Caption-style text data
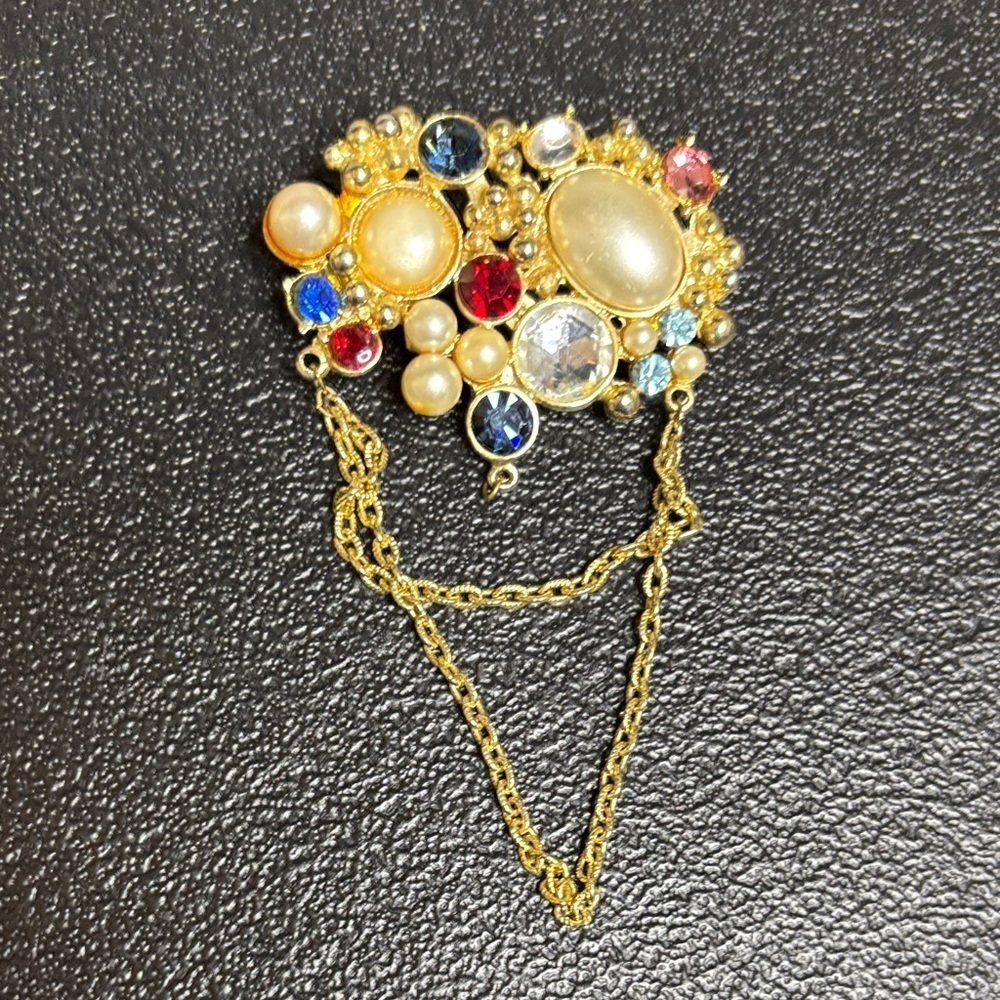Elegant Gold and Multicolor Gemstone Brooch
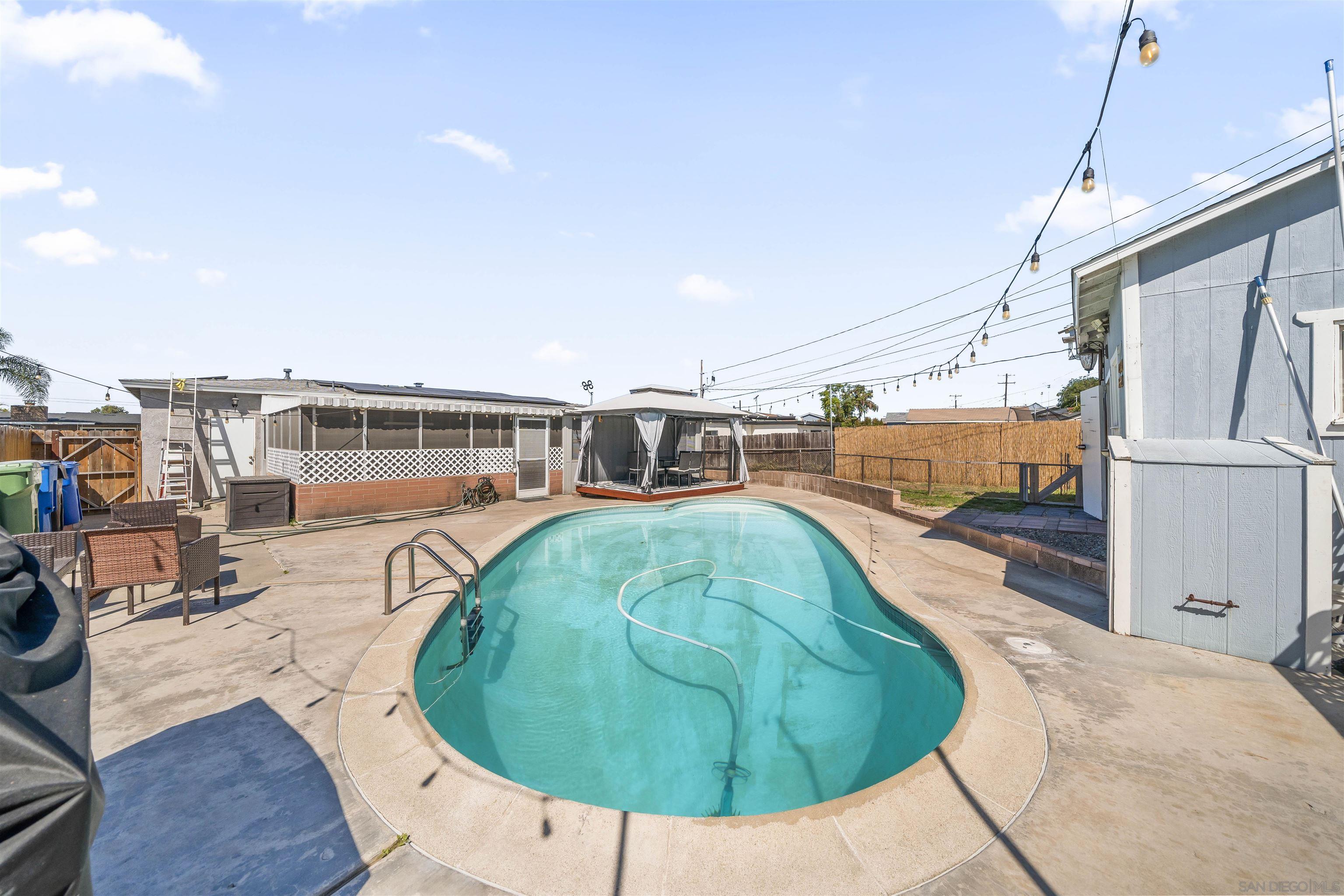 Detail Gallery Image 33 of 51 For 655  Robert Ave, Chula Vista,  CA 91910 - 3 Beds | 2 Baths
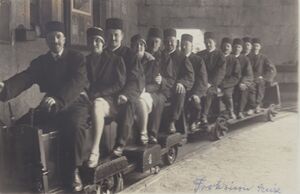 Männerchor Frohsinn Chorreise um 1930.jpg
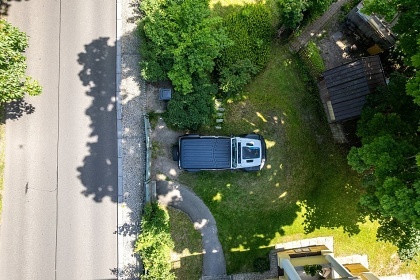 Apartm�n u kolon�dy a parking - Mari�nsk� L�zn�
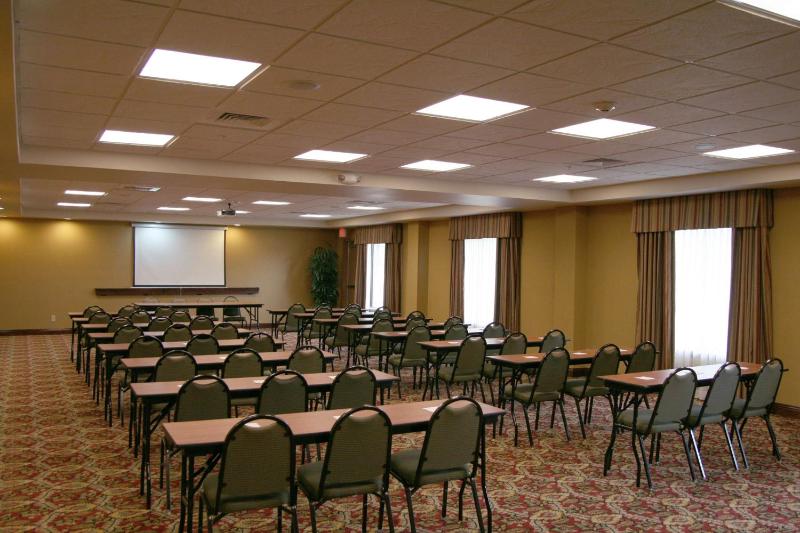 Hampton Inn & Suites Fredericksburg - image 2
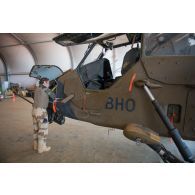 Un mécanicien intervient sur la tourelle THL-30 d'un hélicoptère Tigre EC-665 HAD à Gao, au Mali.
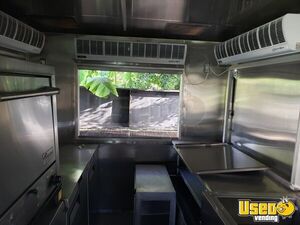 2002 Diesel Step Van Kitchen Food Truck All-purpose Food Truck Reach-in Upright Cooler Florida Diesel Engine for Sale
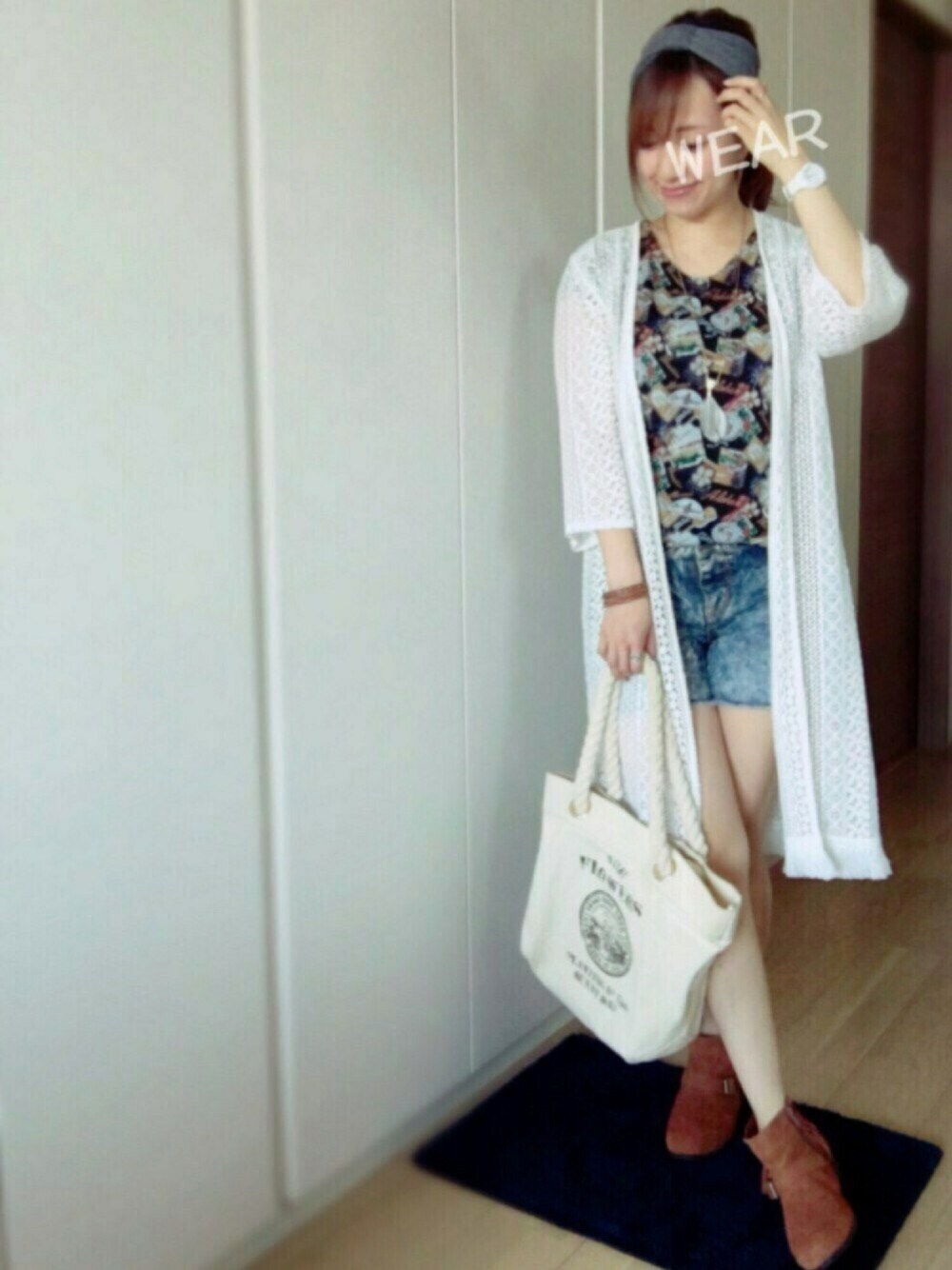 ブルー系のTシャツ/カットソー、ブルー系のパンツ、ホワイト系のトートバッグを着用したレディースの春コーディネートの1枚目の写真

**About this exercise:**
Give the data above again exactly. Leave the pictures out.

**Answer to the exercise:**
Elegant Gold and Multicolor Gemstone Brooch
 Detail Gallery Image 33 of 51 For 655  Robert Ave, Chula Vista,  CA 91910 - 3 Beds | 2 Baths
 Männerchor Frohsinn Chorreise um 1930.jpg
 Apartm�n u kolon�dy a parking - Mari�nsk� L�zn�
 Hampton Inn & Suites Fredericksburg - image 2
 Un mécanicien intervient sur la tourelle THL-30 d'un hélicoptère Tigre EC-665 HAD à Gao, au Mali.
 2002 Diesel Step Van Kitchen Food Truck All-purpose Food Truck Reach-in Upright Cooler Florida Diesel Engine for Sale
 ブルー系のTシャツ/カットソー、ブルー系のパンツ、ホワイト系のトートバッグを着用したレディースの春コーディネートの1枚目の写真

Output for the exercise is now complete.